__What the exercise asks__: Lines before the one containing "MCB - Maroon Owl Reading Tshirt" are not wanted; restate the rest below word for word, through the last line, but drop any pictures.

__Dataset content__:
▼▼▼

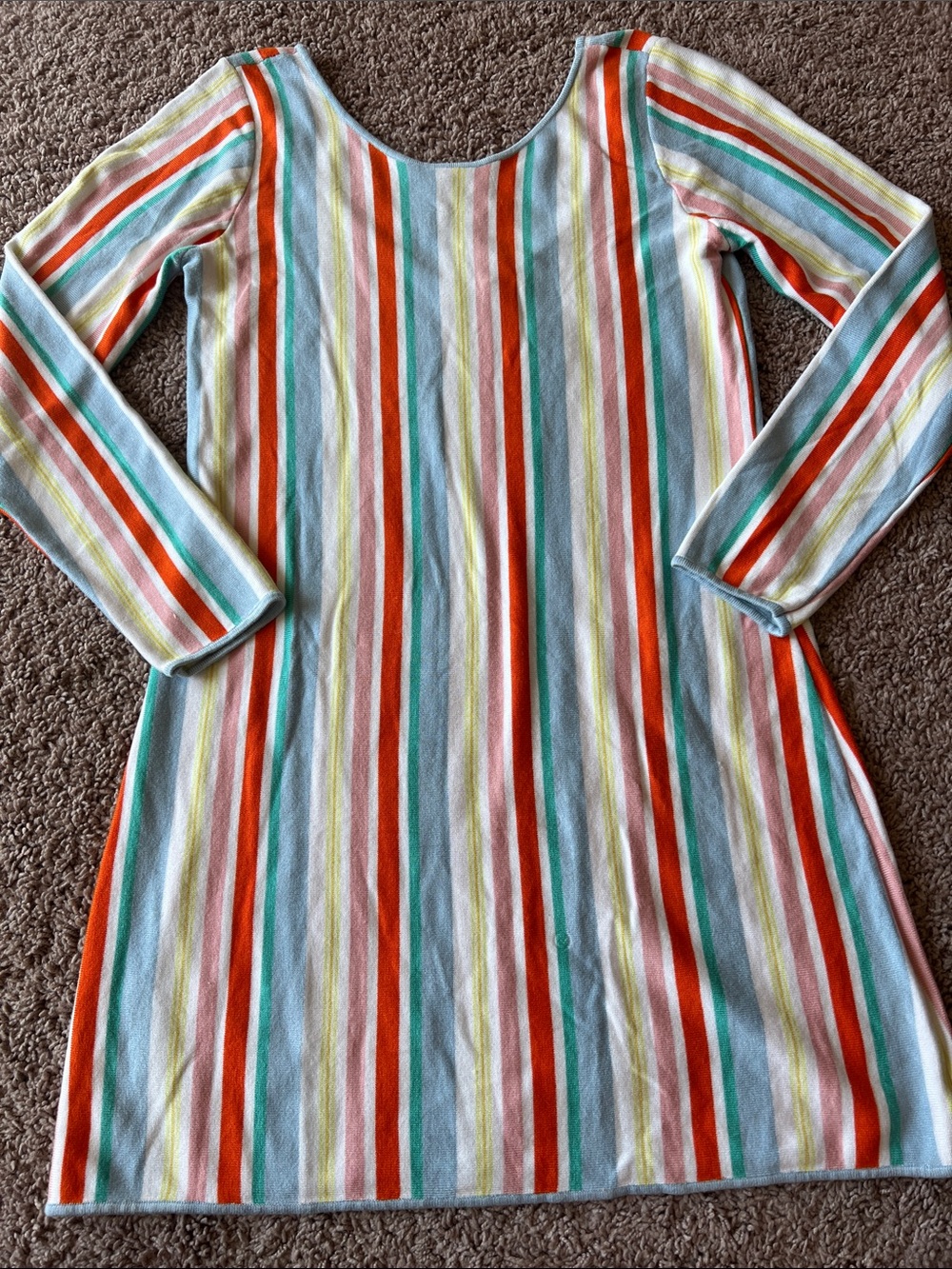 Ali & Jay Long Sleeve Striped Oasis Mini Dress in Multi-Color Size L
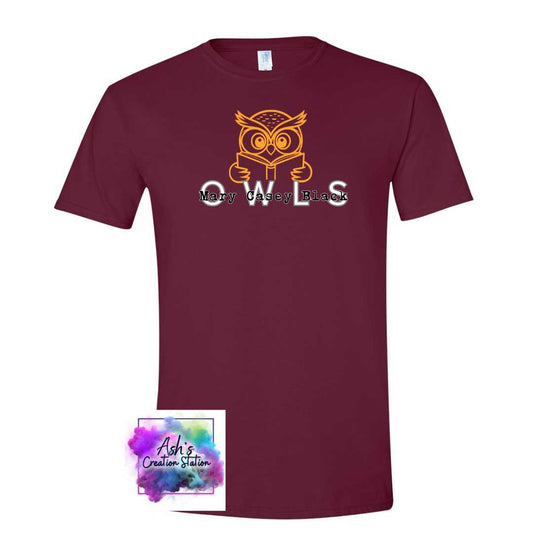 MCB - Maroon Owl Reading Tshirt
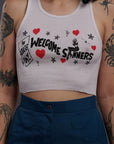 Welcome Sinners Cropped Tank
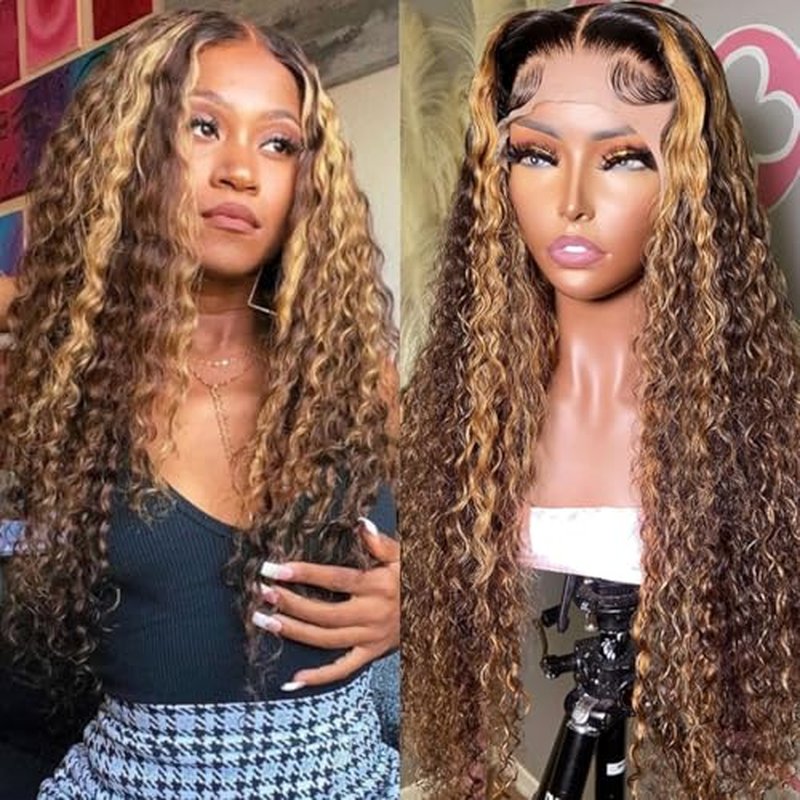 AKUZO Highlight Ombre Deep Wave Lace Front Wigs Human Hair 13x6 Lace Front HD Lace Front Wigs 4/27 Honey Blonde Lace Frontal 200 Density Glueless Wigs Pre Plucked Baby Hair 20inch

▲▲▲

__Response to the exercise__:
 MCB - Maroon Owl Reading Tshirt
 Welcome Sinners Cropped Tank
 AKUZO Highlight Ombre Deep Wave Lace Front Wigs Human Hair 13x6 Lace Front HD Lace Front Wigs 4/27 Honey Blonde Lace Frontal 200 Density Glueless Wigs Pre Plucked Baby Hair 20inch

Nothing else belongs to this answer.